Work task: Leaving every picture out, repeat all of the entries below exactly.

***

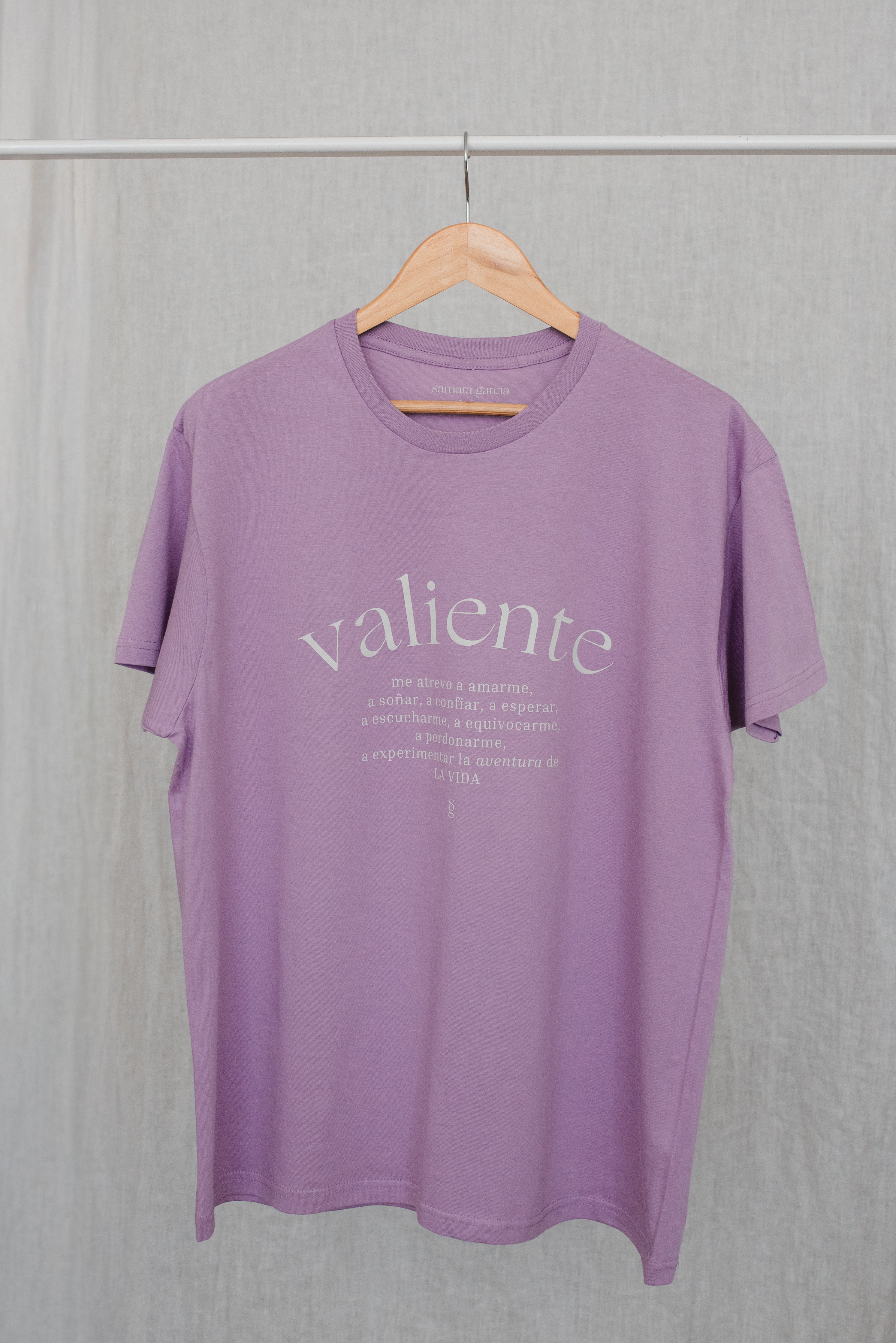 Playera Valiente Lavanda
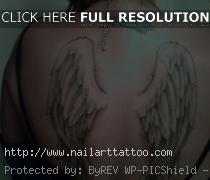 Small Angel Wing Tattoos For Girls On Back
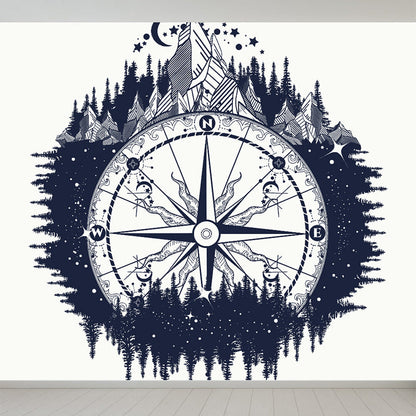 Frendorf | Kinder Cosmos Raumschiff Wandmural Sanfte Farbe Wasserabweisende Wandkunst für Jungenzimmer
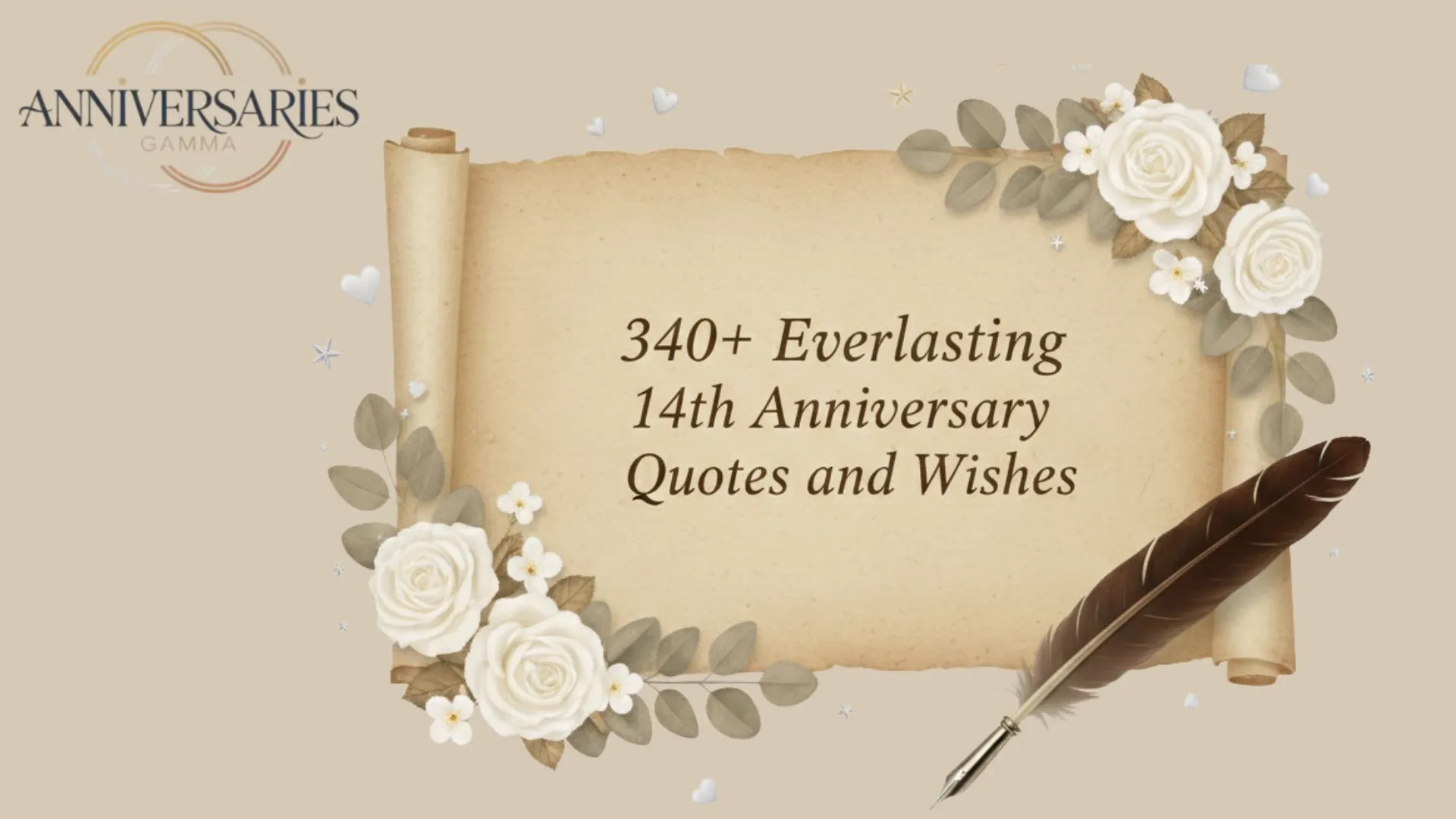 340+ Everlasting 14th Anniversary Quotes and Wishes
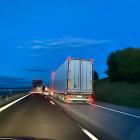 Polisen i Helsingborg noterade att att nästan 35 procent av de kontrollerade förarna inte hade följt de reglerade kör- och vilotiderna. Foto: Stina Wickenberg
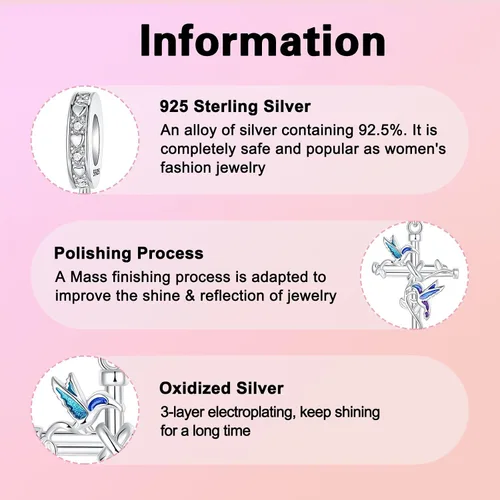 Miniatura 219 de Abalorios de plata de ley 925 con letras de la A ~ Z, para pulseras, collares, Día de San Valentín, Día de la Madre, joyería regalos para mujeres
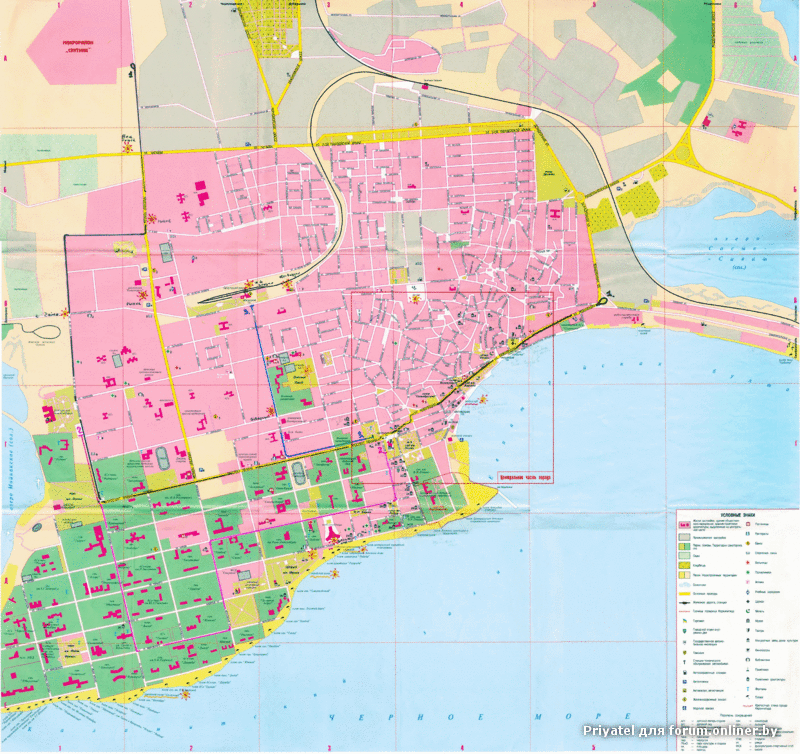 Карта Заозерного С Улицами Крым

***

Final answer:
 Playera Valiente Lavanda
 Small Angel Wing Tattoos For Girls On Back
 Frendorf | Kinder Cosmos Raumschiff Wandmural Sanfte Farbe Wasserabweisende Wandkunst für Jungenzimmer
 340+ Everlasting 14th Anniversary Quotes and Wishes
 Polisen i Helsingborg noterade att att nästan 35 procent av de kontrollerade förarna inte hade följt de reglerade kör- och vilotiderna. Foto: Stina Wickenberg
 Miniatura 219 de Abalorios de plata de ley 925 con letras de la A ~ Z, para pulseras, collares, Día de San Valentín, Día de la Madre, joyería regalos para mujeres
 Карта Заозерного С Улицами Крым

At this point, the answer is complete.